Since 2006, chief human capital officers have been required to report cost data such as travel expenses and training course materials provided by management experts at facilities including Harvard University’s John F. Kennedy School of Government and OPM’s Federal Executive Institute, according to a new report  from the Government Accountability Office.

But GAO’s yearlong audit found that “many agencies are not yet accurately and completely reporting” the information, and OPM’s efforts to improve accuracy are hindered by “not establishing a timeframe for improving the reliability of executive training cost data,” GAO stated in the report.

The report was released on Tuesday, the same day President Obama unveiled his fiscal 2015 budget document, which proposes investing more money in training federal workers.

Auditors found that “OPM is not sharing lessons learned from agencies that have experience assessing executive training impact on agency mission,” though the government’s HR agency has issued guidance on the subject. Agency human capital officers said they needed additional help from OPM on managing the time, costs and complexity of reporting executive training data.
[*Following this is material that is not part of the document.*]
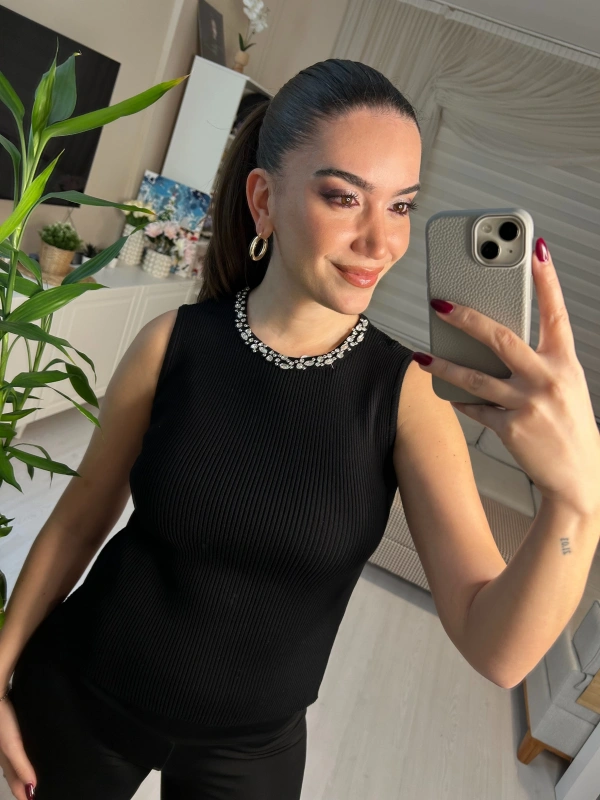 Taş Detaylı Ribanalı Siyah Bluz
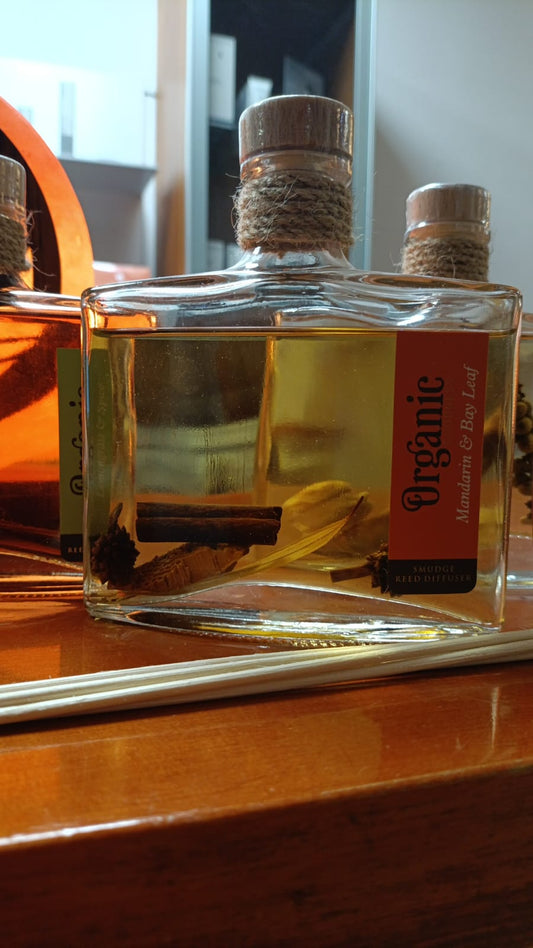 DIFFUSORE CON OLIO ESSENZIALE ORGANIC GOODNESS - MANDARINO E ALLORO - 150ML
In a yearlong audit that included focus groups and in-depth interviews at the departments of Energy, Treasury, and Veterans Affairs, GAO also found that senior executives in general valued in-person training more than individualized online training, though several of those interviewed mentioned that large gatherings had limits as well.

GAO recommended that OPM establish interim milestones for meeting with agencies to address training data deficiencies and establish timeframes for improving the reliability of agency data. It also advocated greater sharing among agencies of methods for evaluating executive training with an eye toward using them governmentwide.

OPM generally agreed, but noted its own progress in issuing training guidance.